Convert the pirate ID to an int by parsing it as a hexadecimal number. Store the IDs in

int[] pirates = new int[n];

First, count the number of pairs of pirates with identical IDs (this step can be omitted here, since there are none by the problem statement).

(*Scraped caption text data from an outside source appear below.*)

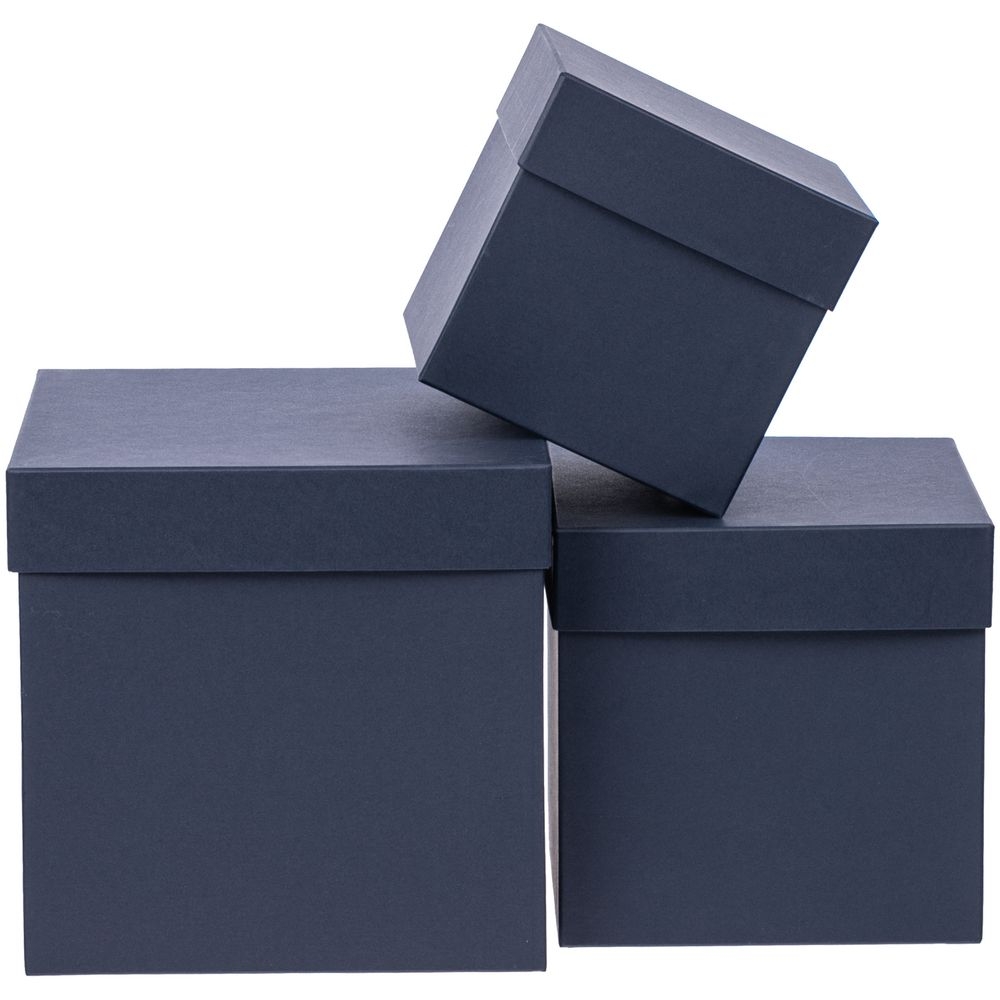 Коробка Cube, L, синяя, синий, картон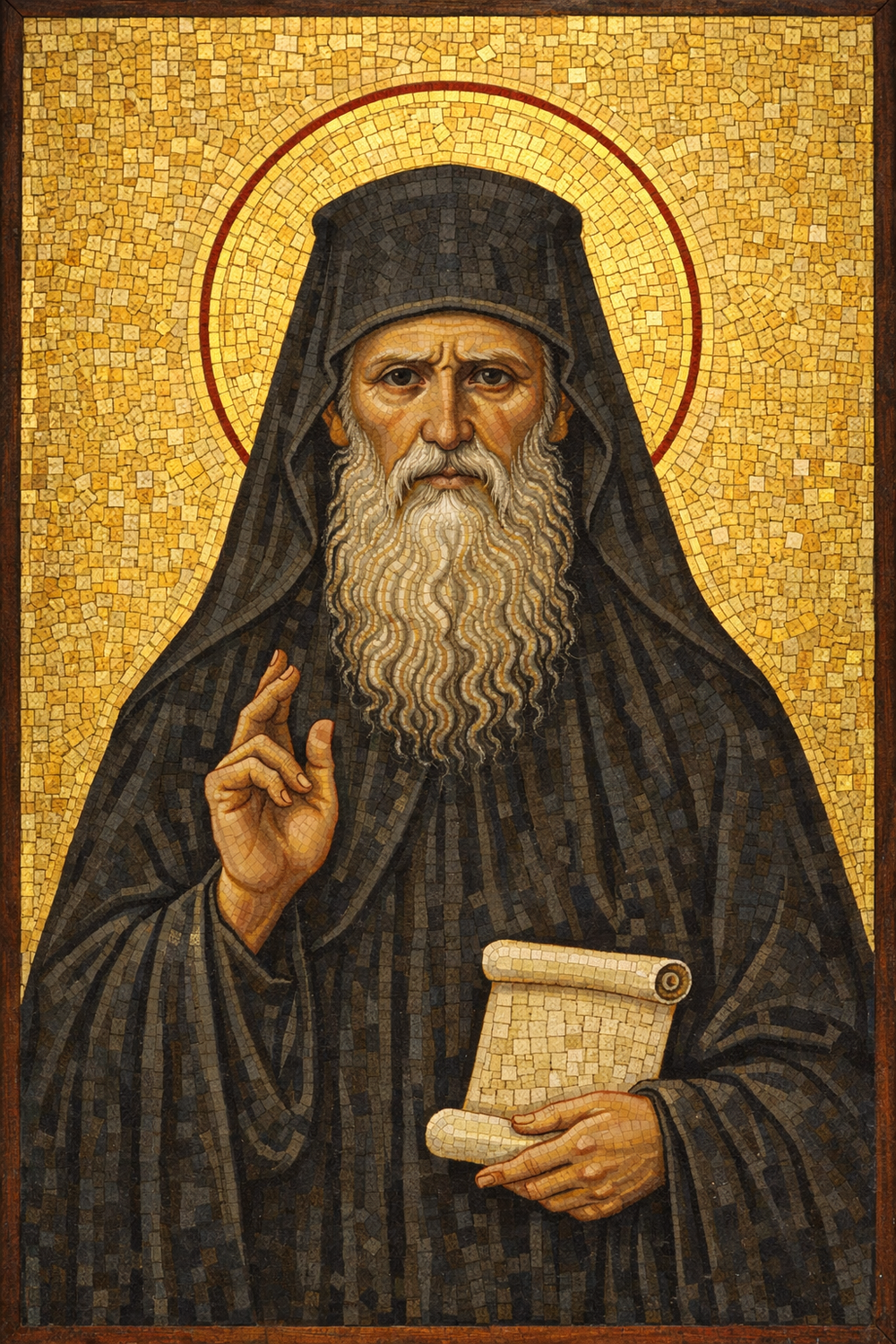 Saint Silouan the Athonite Prayer Card — Eastern Orthodox patron for depression and spiritual darkness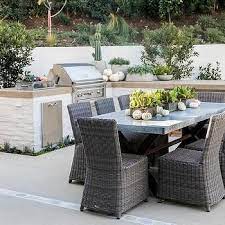 Dark Gray Granite Outdoor Dining Table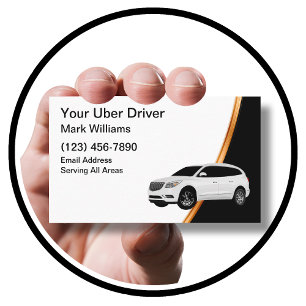 Moderne einfache Uber-Fahrer-Fahrdienstanfrage Visitenkarte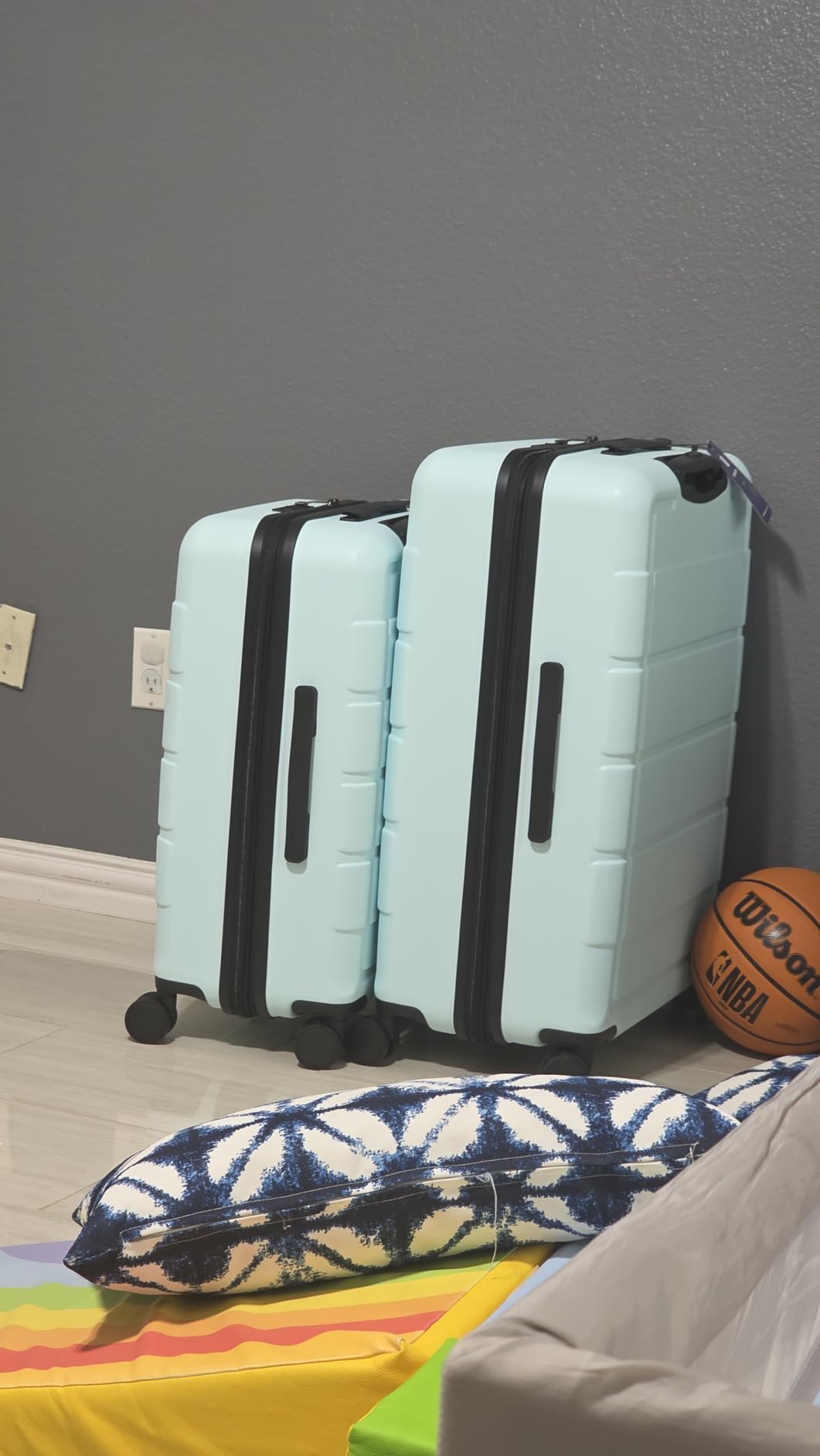 Luggage Sets Expandable 100% PC Durable Suitcase Sets Double Wheels TSA Lock 4 Piece Luggage Set Navy customer photo 2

int[] allFour = new int[65536];
for(int i = 0; i < n; ++i) {
    allFour[pirate[i]] += 1;
}
int fourIdentical = 0;
for(int i = 0; i < 65536; ++i) {
    fourIdentical += allFour[i]*(allFour[i] - 1) / 2;
}

Next, count the pairs of pirates with three identical nibbles in their ID,

int oneTwoThree(int p) {
    return p >> 4;
}
int oneTwoFour(int p) {
    return (p & 0x000F) | ((p & 0xFF00) >> 4);
}
int oneThreeFour(int p) {
    return (p & 0x00FF) | ((p & 0xF000) >> 4);
}
int twoThreeFour(int p) {
    return p & 0x0FFF;
}

int[] noFour  = new int[4096];
int[] noThree = new int[4096];
int[] noTwo   = new int[4096];
int[] noOne   = new int[4096];

for(int i = 0; i < n; ++i) {
    noFour[oneTwoThree(pirate[i])] += 1;
    noThree[oneTwoFour(pirate[i])] += 1;
    noTwo[oneThreeFour(pirate[i])] += 1;
    noOne[twoThreeFour(pirate[i])] += 1;
}

int threeIdentical = 0;
for(int i = 0; i < 4096; ++i) {
    threeIdentical += noFour[i]*(noFour[i]-1) / 2;
}
for(int i = 0; i < 4096; ++i) {
    threeIdentical += noThree[i]*(noThree[i]-1) / 2;
}
for(int i = 0; i < 4096; ++i) {
    threeIdentical += noTwo[i]*(noTwo[i]-1) / 2;
}
for(int i = 0; i < 4096; ++i) {
    threeIdentical += noOne[i]*(noOne[i]-1) / 2;
}

But, every pair of pirates with four identical nibbles has been counted 4 choose 3 = 4 times here, for each of the possible selections of three nibbles, so we need to subtract that (well, not for the problem, but in principle):

threeIdentical -= 4*fourIdentical;

Then, count the pairs of pirates with two identical nibbles in their ID:

int oneTwo(int p) {
    return p >> 8;
}
int oneThree(int p) {
    return ((p & 0x00F0) >> 4) | ((p & 0xF000) >> 8);
}
int oneFour(int p) {
    return (p & 0x000F) | ((p & 0xF000) >> 8);
}
int twoThree(int p) {
    return (p & 0x0FF0) >> 4;
}
int twoFour(int p) {
    return (p & 0x000F) | ((p & 0x0F00) >> 4);
}
int threeFour(int p) {
    return p & 0x00FF;
}

allocate six arrays of 256 ints and count the number of pirates with the corresponding nibbles in places a and b, like

int twoIdentical = 0;
int[] firstTwo = new int[256];
for(int i = 0; i < n; ++i) {
    firstTwo[oneTwo(pirate[i])] += 1;
}
for(int i = 0; i < 256; ++i) {
    twoIdentical += firstTwo[i]*(firstTwo[i] - 1) / 2;
}
// analogous for the other five possible choices of two nibbles

But, the pairs with four identical nibbles have been counted 4 choose 2 = 6 times here, and the pairs with three identical nibbles have been counted 3 choose 2 = 3 times, so we need to subtract

twoIdentical -= 6*fourIdentical + 3*threeIdentical;

Next, the number of pairs with one identical nibble. I trust you can guess what four functions and arrays are needed. Then we will have counted the pairs with four identical nibbles 4 choose 1 = 4 times, the ones with three identical nibbles 3 choose 1 = 3 times, and the pairs with two identical nibbles 2 choose 1 = 2 times, so

oneIdentical -= 4*fourIdentical + 3*threeIdentical + 2*twoIdentical;

Finally, the number of pairs with no identical nibbles is

int noneIdentical = (int)((long)n*(n-1) / 2) - oneIdentical - twoIdentical - threeIdentical - fourIdentical;

(the cast to long to avoid overflow of n*(n-1)).